Training an Ontolection

To train on a text corpus and generate an ontolection, you need to also specify a PEAR file corresponding to the language the text corpus is written in; Watson™ Explorer comes packaged with a PEAR file for each supported language in the data/pears directory.

An example with an English text corpus:

ontolectiontrainer --trainOntolection --corpus [path to corpus] --pear [path to PEAR file] --outputPath [desired filename of ontolection] 

To save the trained language model to disk for later reuse / additional training, use --persistModel [path to save to]. To load a saved language model, use --loadModel [path to saved model]. For example, to load an existing, previously trained model, train it further using a new text corpus, and output a new ontolection:

ontolectiontrainer --trainOntolection --loadModel [path to saved model] --corpus [path to corpus] --pear [path to PEAR file] --outputPath [desired filename of ontolection] 

The ability to load a model also provides the ability to alter the outputted ontolection without having to retrain the model. For example, to output 5 related terms per vocabulary word,

ontolectiontrainer --trainOntolection --loadModel [path to saved model] --outputPath [desired filename of ontolection] --numNearestNeighbors 5 

Blacklisting Vocabulary for Ontolection Training

Ontolection Trainer supports blacklisting vocabulary; pass it a path to a file containing blacklisted words, one per line, using the --blacklist option, and words in the blacklist will not be output in the generated ontology at all.

Whitelisting Vocabulary for Ontolection Training

Ontolection Trainer supports whitelisted vocabulary; pass it a path to a file containing whitelisted words, one per line, using the --whitelist option, and words not in the whitelist will not be output in the generated ontology at all.

Generating a Vocabulary Whitelist from a Watson Explorer Engine dictionary

If you generate a text corpus from indexed documents in Watson Explorer Engine and train an ontolection based on that corpus without preprocessing it, you might find that the generated ontolection contains a lot of nonsense words. One way to combat this is:
  1. Turn on term expansion dictionary generation for your Watson Explorer search collection (Configuration > Indexing > Term expansion support > Generate dictionaries and refresh your crawl.
  2. Locate the generated term expansion dictionary's XML file in your Watson Explorer deployment; it will be in your search collection's crawl directory in the expansions directory, with filename some alphanumeric hash.
  3. Extract the words from this hash file and put them in a text file; this will be your whitelist. (For example, cat [some_hash_filename] | awk '{ print $1 }' > whitelist.txt.)
  4. Pass Ontolection Trainer this whitelist; your ontolection will only contain words found in your dictionary.

Acronym Extraction

Ontolection Trainer implements a rules-based approach to learn acronyms from a text corpus and output an ontolection containing their expansions. Currently, acronym extraction has only been tested with English.

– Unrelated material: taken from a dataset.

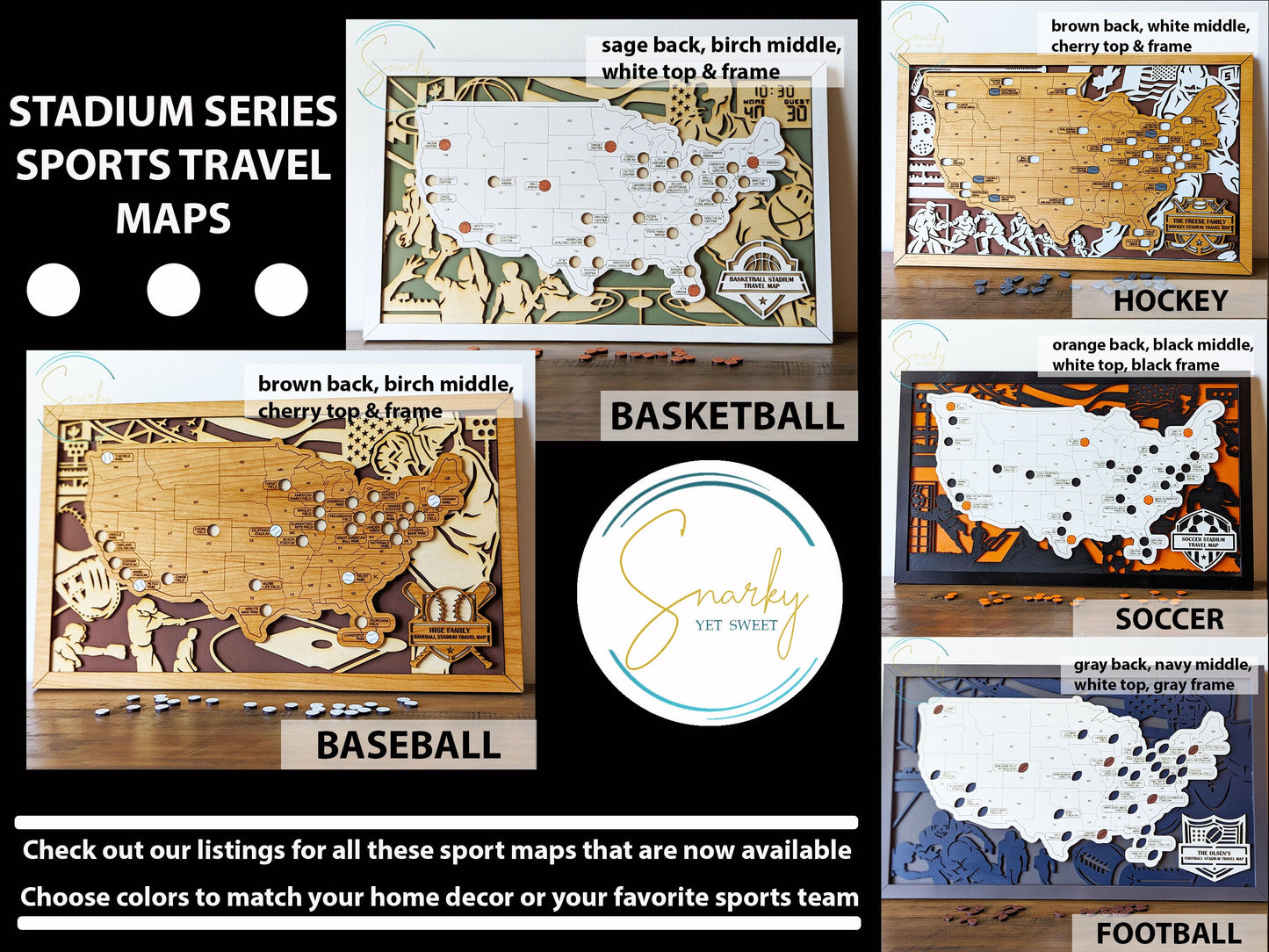 Soccer stadium map, pro soccer stadium tracker, NSL stadium travel map,  gift for soccer lover, gift for men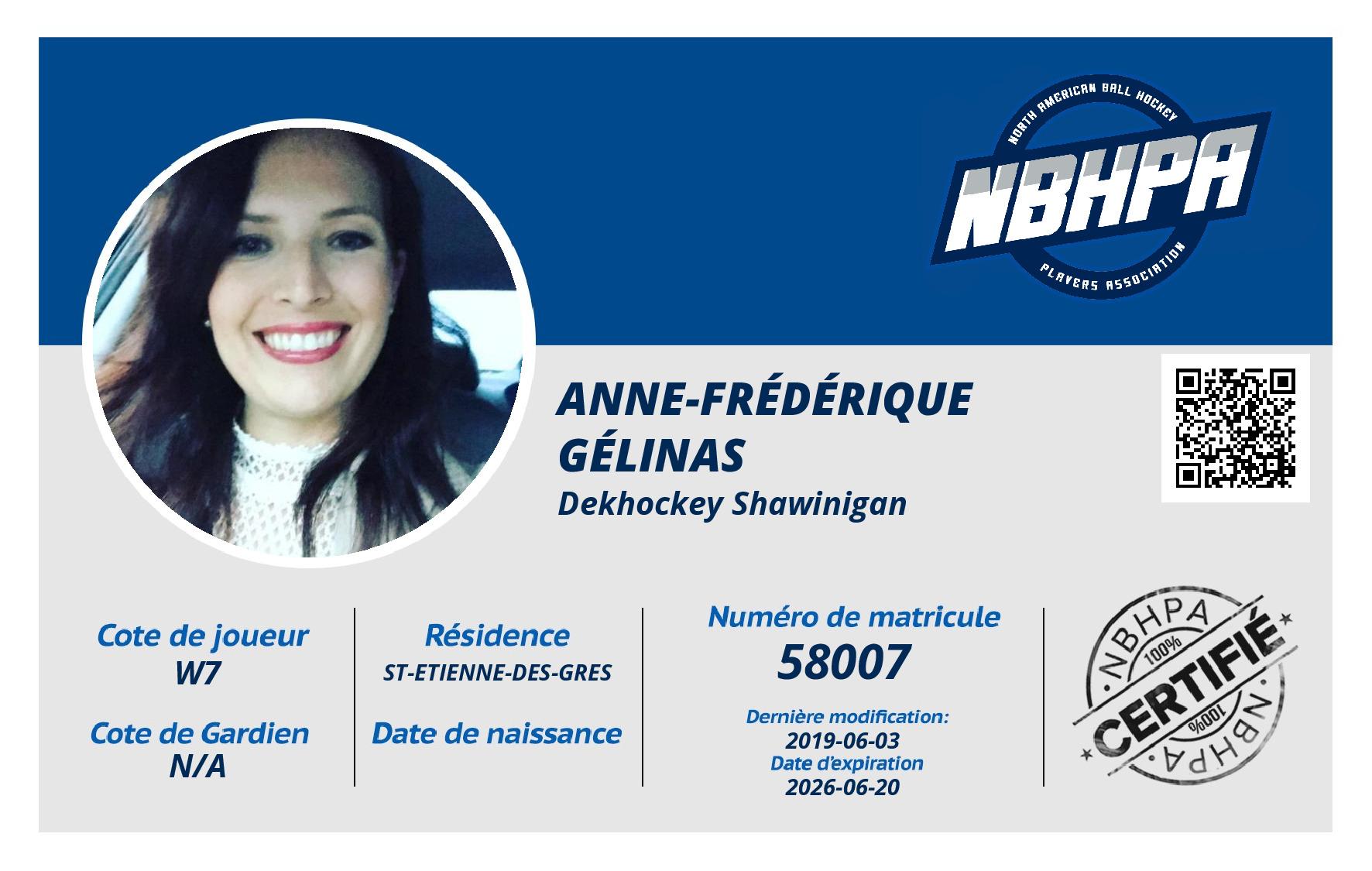 Anne-Frédérique Gélinas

ontolectiontrainer --extractAcronyms --corpus [path to corpus] --pear [path to PEAR file] --outputPath [desired filename of ontolection]

Phrase Extraction

Ontolection Trainer implements a statistical approach to extract phrases.

By passing the --learnPhrases command line option. Ontolection Trainer will use statistical methods to analyze a plain text corpus (passed using --corpus) to extract word phrases.

To process a text corpus and output a list of phrases, you need to also specify a PEAR file corresponding to the language the text corpus is written in. An example with an English text corpus:

 java -jar ontolectiontrainer.jar --learnPhrases --corpus [path to corpus] --pear [path to PEAR file] --outputPath [desired filename of output]